Dabei ist „Troll“ wahrlich keine Kreuzmaschine. Der Spitzgatter lief 1925 auf der Kieler „Reichswerft“ vom Stapel, so hieß die vormalige Kaiserliche Werft im Baujahr und war von ihrem Konstrukteur, dem Marinebaurat Harry Wustrau, der dort die Yachtbauabteilung leitete, für komfortables Fahrtensegeln entwickelt worden. Dass der Seekreuzer von seiner Eignerfamilie Lehmann bald hundert Jahre später noch genau dafür genutzt wird und dabei aussieht, als liege der Stapellauf eher hundert Tage zurück, ist eine Geschichte, die viel von Glück, viel mehr aber noch von Fleiß, Durchhaltevermögen, Opferbereitschaft und tiefer Zuneigung erzählt.

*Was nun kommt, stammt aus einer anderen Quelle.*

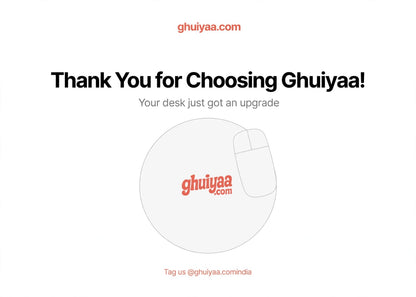White circle mouse pad with Ghuiyaa.com logo on a minimal desk setup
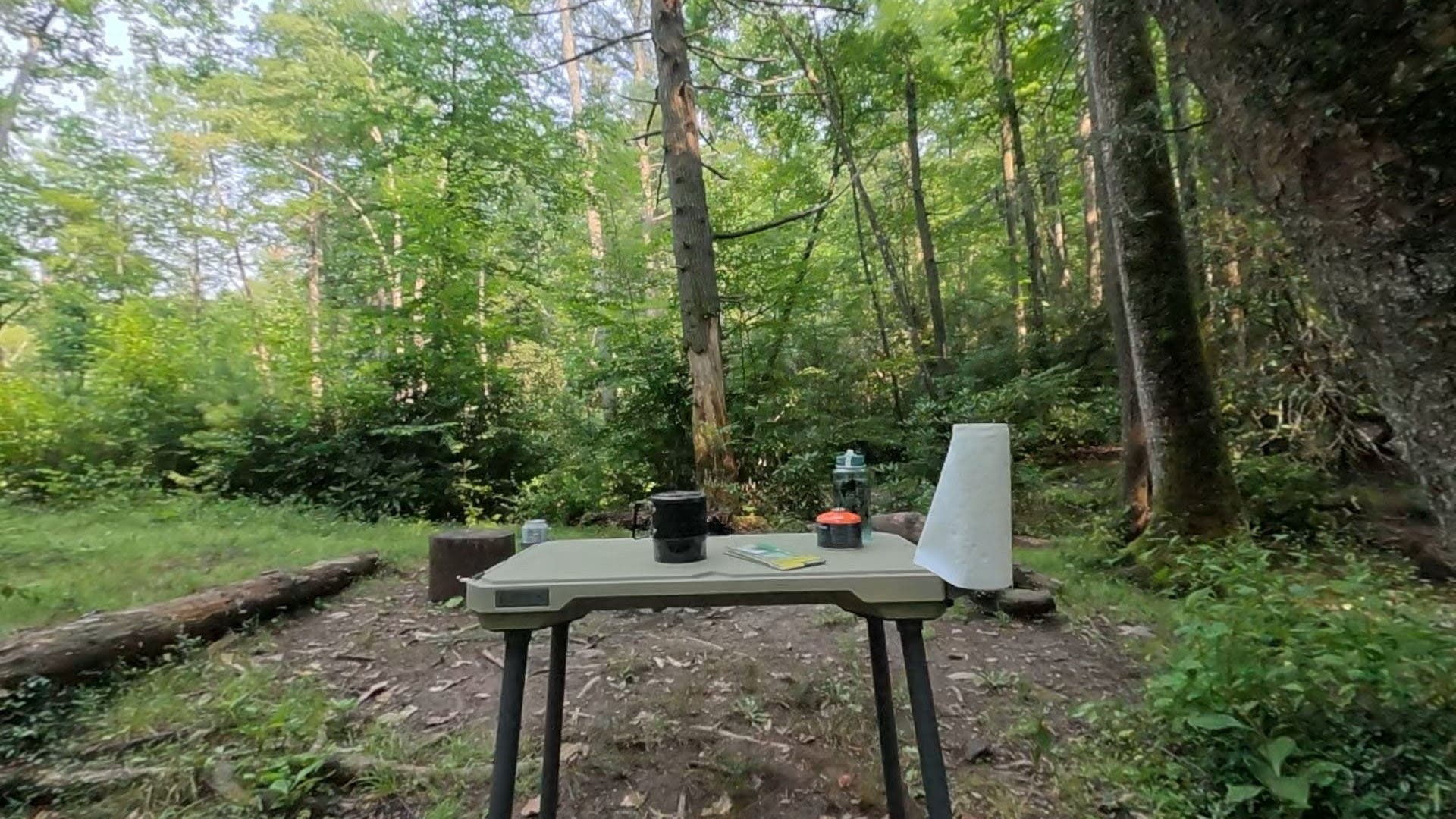 Pecos Outdoor table set up in woods with camp supplies on table surface. 
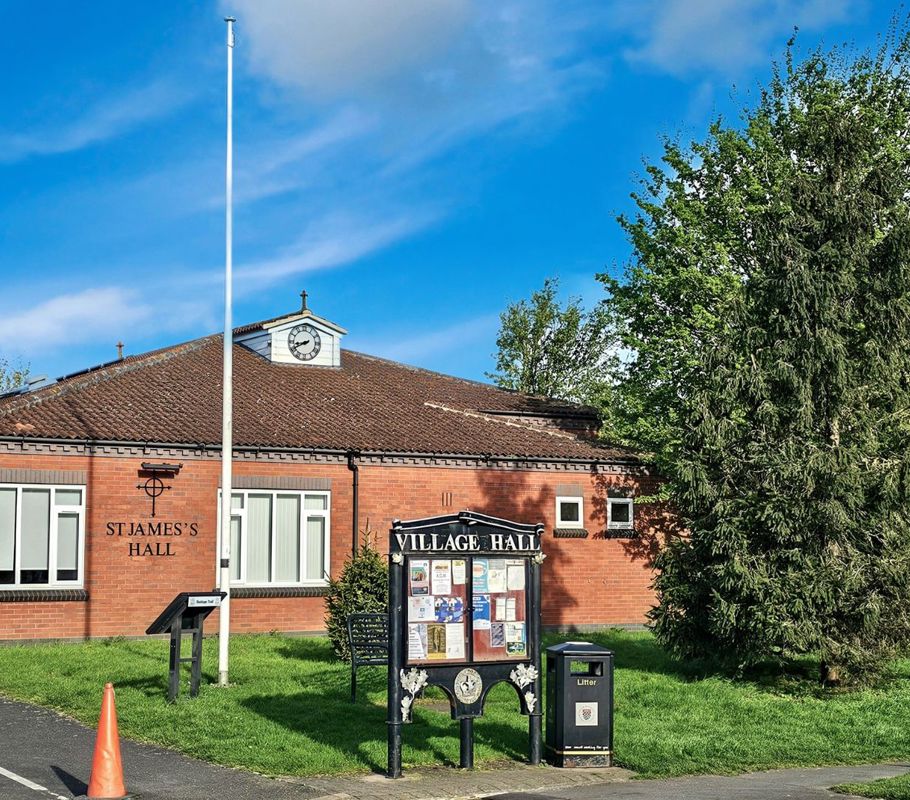 village hall sign and trees in long bennington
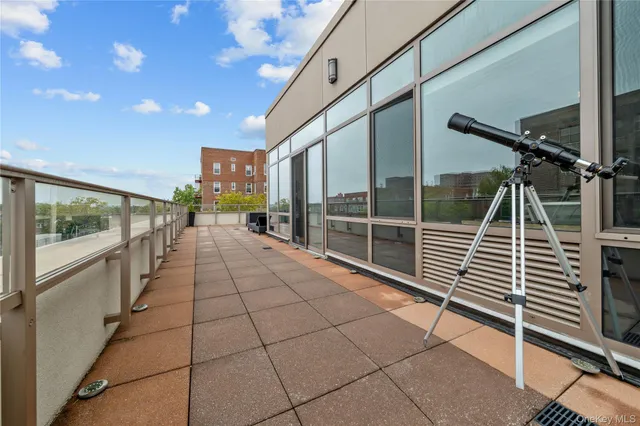 a view of a balcony with chairs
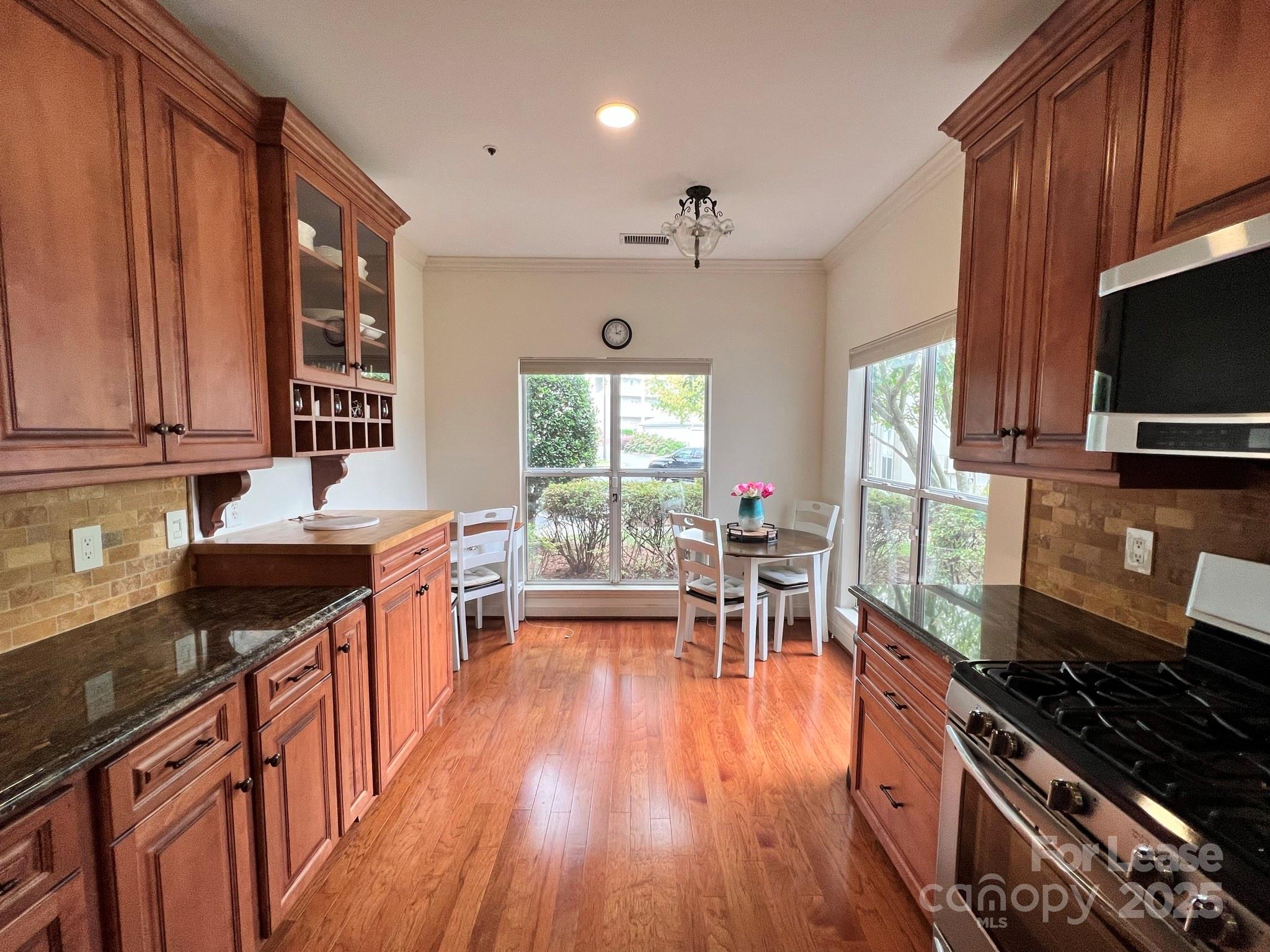 1140 Torrence Circle Davidson, NC 28036 - Photo 17 of 35 a kitchen with stainless steel appliances a stove top oven a sink dishwasher a dining table and chairs with wooden floor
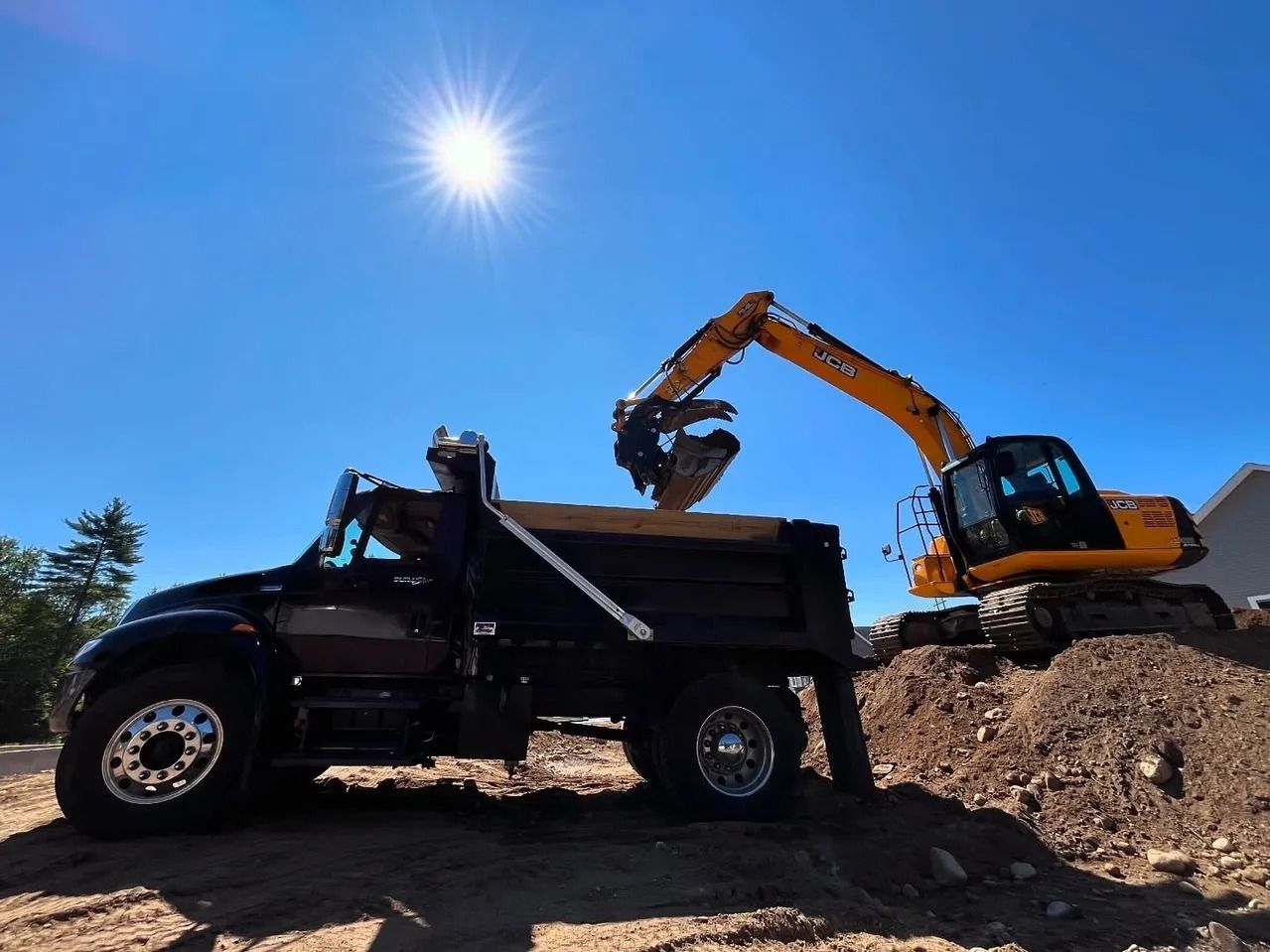 An excavator loading a black dump truck with dirt on a construction site under a bright sun.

Das Platzangebot ist von außen kaum zu erahnen

Sie beginnt für die Lehmanns, als sich 1989 das dritte Kind ankündigt. Doch für das neue Crewmitglied fehlt auf dem damals genutzten Untersatz die Koje. Die Suche nach einem größeren Familienschiff führt zu „Troll“. Der zehn Meter lange Rumpf ist gut drei Meter breit, geht 1,70 Meter tief und ist ausgerüstet rund zehn Tonnen schwer. Er wurde aus 28 Millimeter starken Planken aus Pitchpine und eingebogenen Eichenspanten gebaut und beherbergt einen Ausbau aus Teak.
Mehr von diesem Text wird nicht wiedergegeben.